Elle signale aussi les appels d'offres pour recycler les bateaux des migrants, « remportés par des amis de la mairie ». « À deux reprises, explique-t-elle, les décharges ont pris feu. Les entreprises avaient déjà empoché l'argent. Mais comme les bateaux étaient partis en fumée, elles n'ont pas eu à s'en occuper. Outre les questions que pose le caractère plus ou moins accidentel de ces incendies, les conséquences environnementales sont dramatiques » car, en plus des carcasses de navires, ont brûlé toutes sortes de produits toxiques.

La nouvelle “sindaco” ne nie pas l'évidence : l'île, plus près de la Tunisie que de la Sicile, a connu une année 2011 hors norme. Quelque 40.000 migrants y ont transité, dont 25.000 en l'espace de deux mois. Le petit port n'a pas désempli, les garde-côtes ont enchaîné les sorties en mer jusqu'à épuisement des équipages, le centre de rétention était plein à craquer. Au point qu'en septembre, ça a mal tourné : les 1.500 Tunisiens, révoltés, ont mis le feu à leur geôle et se sont évadés. L'île mesurant à peine 20 kilomètres carrés, ils n'ont pas pu aller loin. Des habitants leur ont jeté des pierres, ils se sont battus avec eux.

« Cette situation a été créée de toutes pièces, déplore Giusi Nicolini. Pendant un an, la question de l'immigration a été instrumentalisée par les autorités nationales. Le risque d'invasion, la peur des étrangers, tout y est passé. Mais la vérité, c'est qu'il n'y a pas eu beaucoup plus d'arrivées que d'autres années. C'est devenu explosif à partir du moment où les migrants n'ont plus été transférés en Sicile. Cela a provoqué un goulot d'étranglement, les gens ont été massés à Lampedusa, c'est devenu intenable. C'était fait exprès : ils ont créé un problème là où il n'y en avait pas, pour justifier leurs politiques répressives. Tout le monde en a pâti : les migrants dont les droits ont été bafoués et les Lampedusiens qui ont vu fuir les touristes. Dino De Rubeis a voulu profiter de la situation : l'attention portée à l'immigration lui a permis de poursuivre ses activités parallèles. Mais les électeurs ont dit stop. »

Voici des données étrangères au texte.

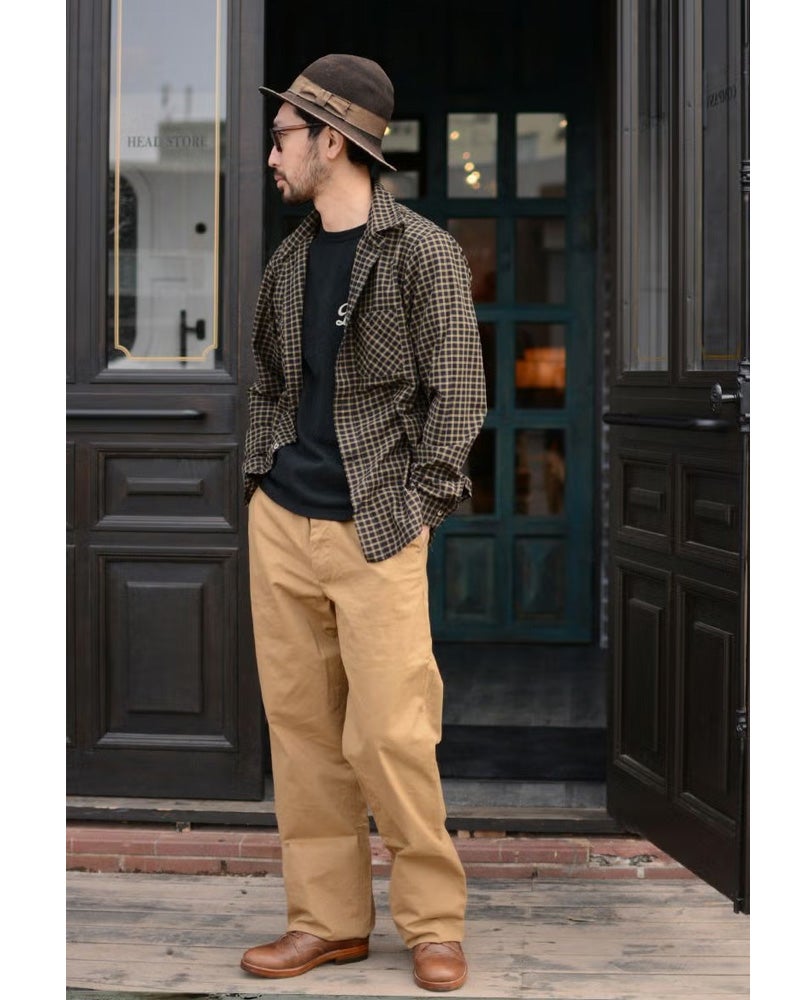 946A[46-CHINO TROUSERS] | デラックスウエア公式オンラインストア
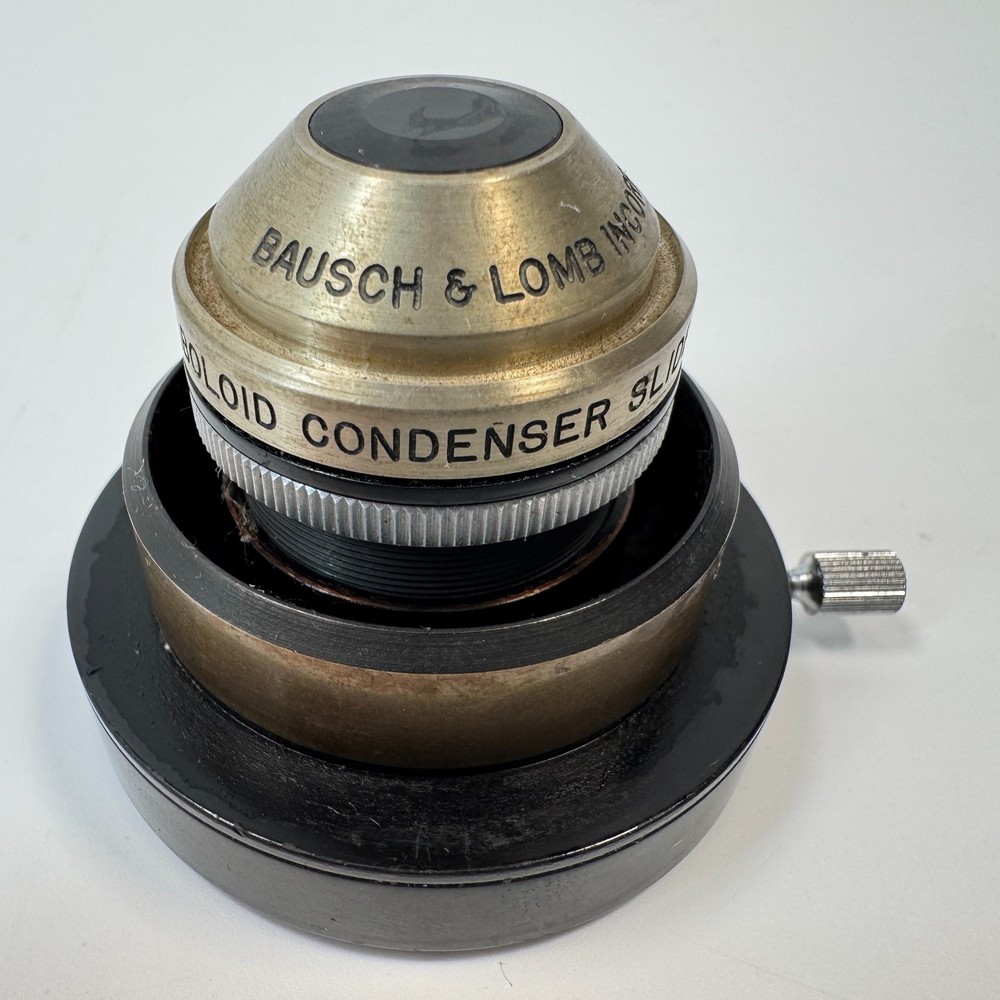 Microscope Part Paraboloid Condenser Slide Thickness 1.35 mm Optics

Début juillet, la saison commence tout juste, après un été 2011 catastrophique. Sur cette île où les touristes ont remplacé les poissons, tous scrutent l'horizon et redoutent de nouveaux débarquements. Le dernier a eu lieu dans la nuit de jeudi 5 à vendredi 6 juillet. À bord, 60 hommes tunisiens, tous transférés en Sicile en vue de leur expulsion, ainsi que trois femmes et trois enfants, “accueillis” dans le centre de rétention de l'île, fermé après l'incendie mais rouvert lundi 2 juillet en tant que centre de premier secours.

« Ce lieu peut loger jusqu'à 300 personnes », indique la maire, qui a négocié avec le ministère de l'intérieur la garantie que les personnes n'y restent pas plus de 96 heures. « Lampedusa doit redevenir une île d'accueil », lance-t-elle, avant de se rendre au festival des pêcheurs organisé en centre-ville.